How AT&T fought for privacy — 80 years ago

Derek Slater of the Electronic Frontier Foundation sez,

Since its participation in the president's illegal wiretapping program came to light in late 2005, AT&T has desperately tried to avoid accountability.

But, once upon a time, nearly eighty years ago, AT&T fought at the Supreme Court to stop the government's warrantless surveillance of Americans' private communications. In Olmstead v. USA, AT&T co-authored an amicus brief that outspokenly defended its customers' privacy:

"The telephone has become part and parcel of the social and business intercourse of the people of the United States, and this telephone system offers a means of espionage to which general warrants and writs of assistance were the puniest instruments of tyranny and oppression."
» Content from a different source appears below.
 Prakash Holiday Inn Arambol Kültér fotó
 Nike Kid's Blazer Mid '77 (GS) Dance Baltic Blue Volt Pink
"Writs of assistance" were used by King George II and III to carry out wide-ranging searches of anyone, anywhere, and anytime regardless of whether they were suspected of a crime. These "hated writs" spurred colonists toward revolution and directly motivated James Madison's crafting of the Fourth Amendment.

If AT&T in 1928 thought that wiretapping made the "hated writs" look puny, how can it now cooperate with the president's massive and illegal spying program?

EFF has sued AT&T for its role in the government's dragnet surveillance of millions of ordinary Americans, and next Wednesday the Ninth Circuit Court of Appeals will hear oral arguments in our case. As AT&T's brief from 80 years ago makes clear, the most basic essence of our Constitution is at stake.